En savoir + : animals-theblog.blogspot.com

 

WIRED

Retour gagnant au Royaume-Uni

«Work smarter!» La dernière couverture du magazineWired, lancé au Royaume-Uni en 2009 seize ans après l'édition américaine, fait dans le «flashy». Logo rose, titre noir, l'édition d'avril 2010 invite les entrepreneurs à découvrir les méthodes de management ou de croissance les plus novatrices. «Ideas, technology, culture, business», les quatre thématiques inscrites au-dessus du logo attirent l'étudiant aux dents longues ou le quadra dynamique en quête d'une combinaison d'inspiration, de théories proactives, de détente et de «branchitude». Déjà fourni, le paysage des magazines britanniques a connu un petit frisson avec l'arrivée de cette marque phare de l'américain Condé Nast.

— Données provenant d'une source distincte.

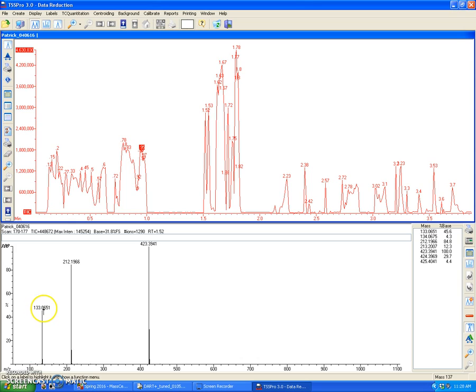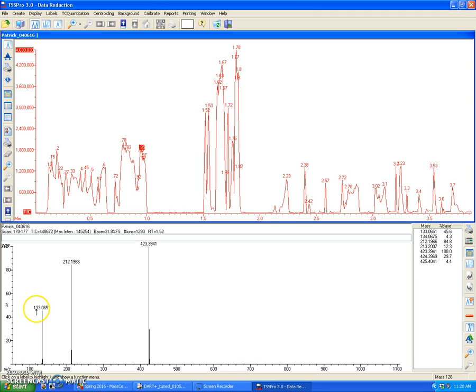This M over Z over here is 133.0651, which represents the mass spectral peak for cinnamaldehyde, for protonated cinnamaldehyde, for which the exact mass, or the expected mass of the ion, is 133.06534. And based off of my calibration, I get 133.0651, which is very, very good.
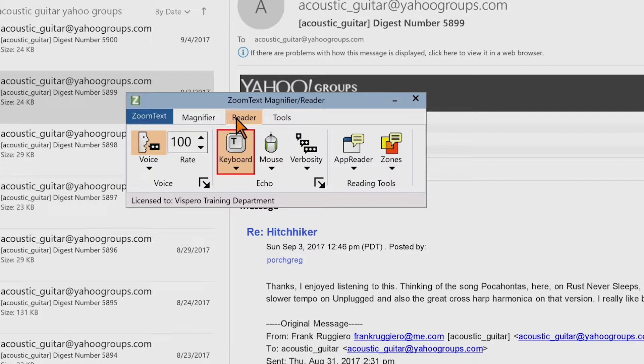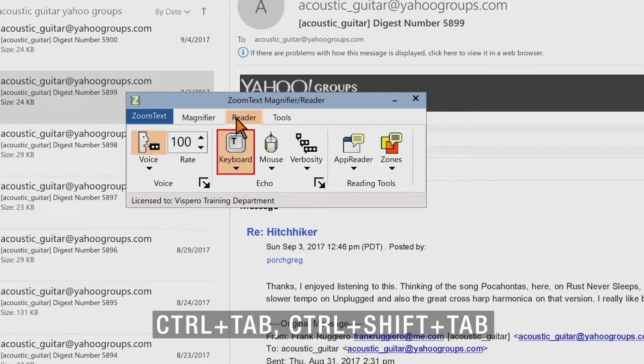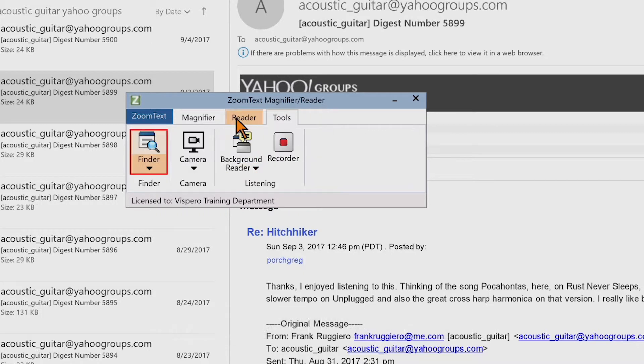You can also use the keyboard to move among the tabs by pressing Ctrl+Tab or Ctrl+Shift+Tab. Pressing Ctrl+Tab moves to the Tools toolbar tab. Here on the Tools toolbar tab you'll find controls for ZoomText Finder, camera, and listening features.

Le succès est au rendez-vous, avec notamment le prix du meilleur lancement de l'année aux British Press Awards. Belle revanche, en tout cas, quatorze ans après l'échec d'un premier lancement. Le magazine se situe entre Vanity Fair, New Yorker et le Wired américain dont il n'est pas la fade copie. Son rédacteur en chef, David Rowan, un ancien du Times et du Guardian, ne veut pas que le Wired britannique ressemble à «tant d'autres magazines où l'on voit une fille en bikini avec un Iphone. Nous ne voulons pas faire dans le superficiel ou le vide, nous sommes du sens.» Régal visuel, informations parfaitement agencées, articles complexes bien vulgarisés («Les secrets du trading automatisé»), contrepieds pince-sans-rire en série («Comment se couper les cheveux tout seul»), Wired UK caresse l'intelligence dans le sens des synapses.

 

Johann Harscoët, à Londres

 

En savoir + : www.wired.co.uk

 

M MAGASIN

L'Oprah Winfrey suédoise

 

Bien dans sa tête et dans son corps, le moins que l'on puisse dire, c'est qu'Amelia Adamo, 62 ans, n'est pas avare de ses charmes. Elle pose chaque mois en couverture du mensuel senior M Magasin, en robe de soirée, en jeans ou même en maillot de bain à l'occasion. L'Oprah Winfrey suédoise, comme on la surnomme, est la star du groupe Bonnier, le plus gros groupe d'édition du pays. Née à Rome en 1947 d'un père ouvrier et d'une mère bonne à tout faire, elle a construit un empire de la presse féminine avec un principe simple: ne pas vendre du mensonge sur papier glacé. On n'est jamais mieux servi que par soi-même: son premier fait d'armes est un magazine pour jeunes femmes qu'elle a prénommé, en toute simplicité… Amelia.«Les lectrices en ont assez des top-models, estime cette sculpturale blonde. J'ai créé un magazine pour la "girl next door". Nous écrivons sur les femmes indépendantes, celles qui travaillent. Nous avons un pied dans l'évier, l'autre dans des talons aiguilles.»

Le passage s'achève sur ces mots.